• [Exercise brief]: Only the lines below, from the one with "Ilustração digital da" through the one with "膝関節は、ひねりながら屈曲するという複雑な動きをする", are to be written out, exactly.

[Study material — start]

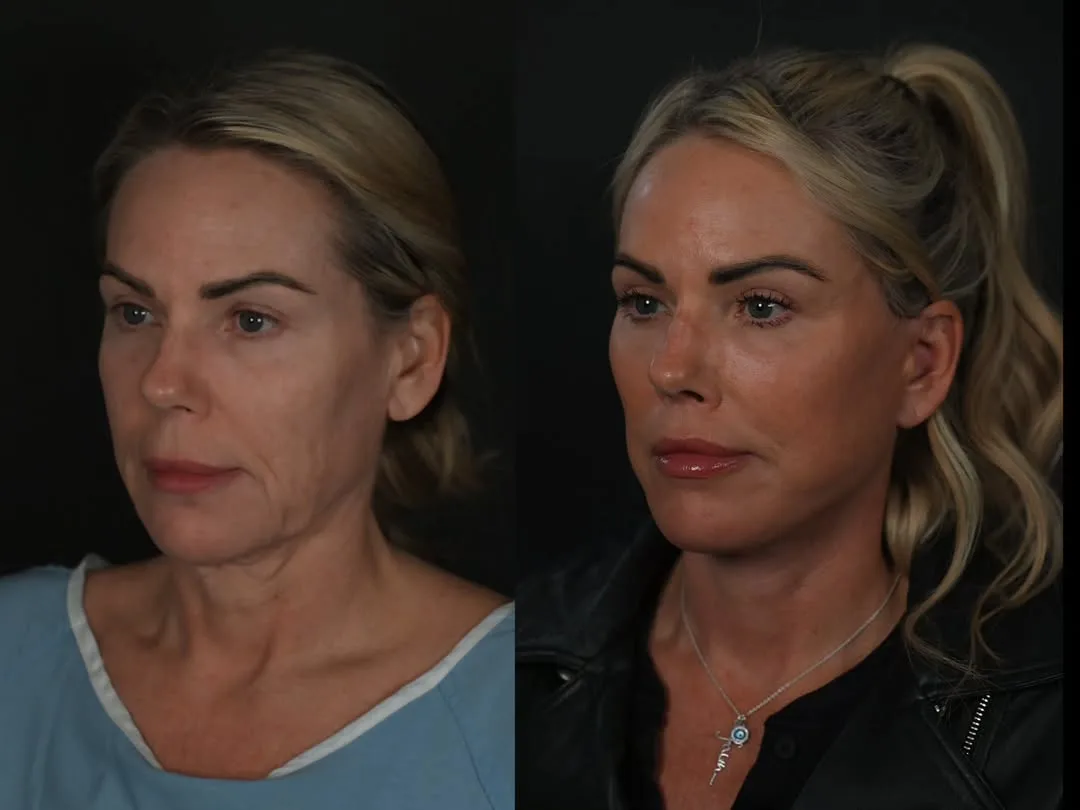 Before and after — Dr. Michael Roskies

[Study material — finish]
[Study material — start]

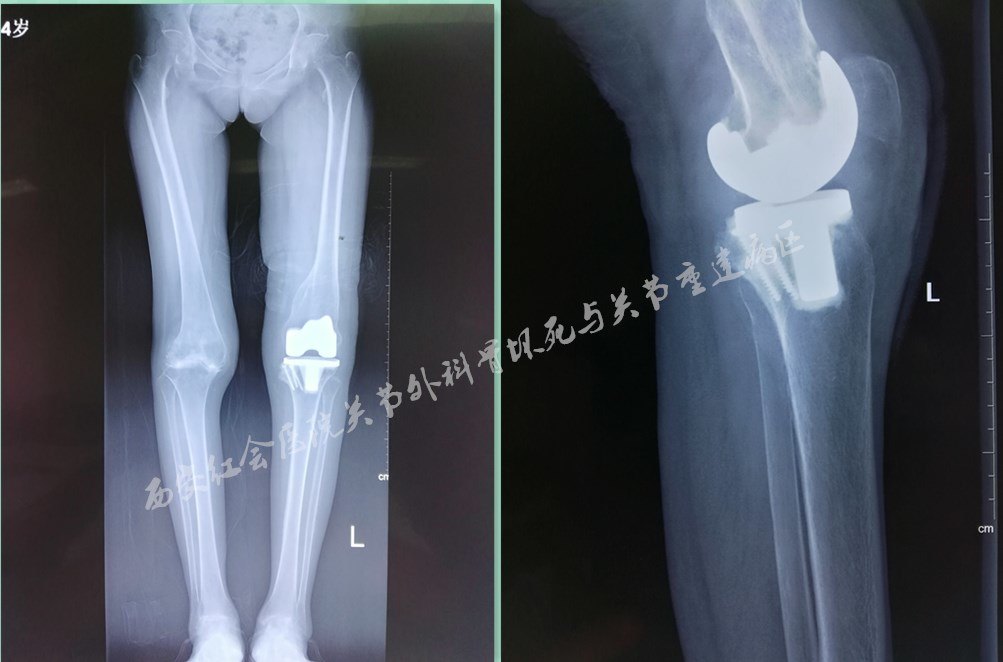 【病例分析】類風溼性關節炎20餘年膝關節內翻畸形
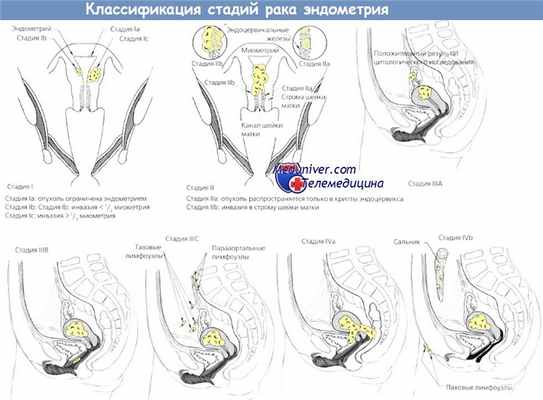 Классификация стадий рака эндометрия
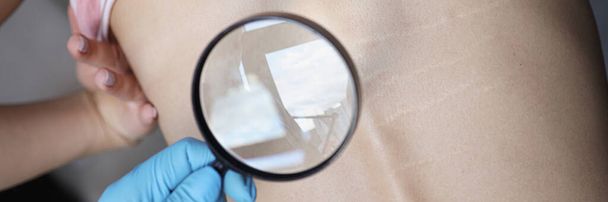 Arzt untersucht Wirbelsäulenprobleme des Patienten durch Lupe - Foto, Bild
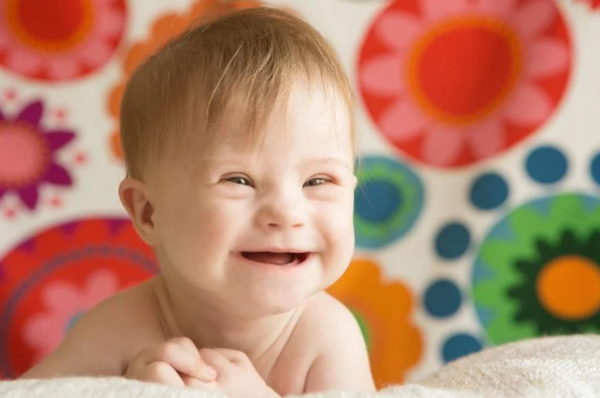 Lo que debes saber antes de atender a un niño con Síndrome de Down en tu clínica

[Study material — finish]
[Study material — start]

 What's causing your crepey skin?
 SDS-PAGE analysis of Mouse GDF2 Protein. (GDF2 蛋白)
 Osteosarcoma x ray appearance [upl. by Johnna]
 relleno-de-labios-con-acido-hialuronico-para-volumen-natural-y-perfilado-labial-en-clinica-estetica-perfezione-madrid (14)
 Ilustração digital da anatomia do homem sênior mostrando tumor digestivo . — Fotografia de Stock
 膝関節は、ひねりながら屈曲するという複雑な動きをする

[Study material — finish]

• [Task result]:
 Ilustração digital da anatomia do homem sênior mostrando tumor digestivo . — Fotografia de Stock
 膝関節は、ひねりながら屈曲するという複雑な動きをする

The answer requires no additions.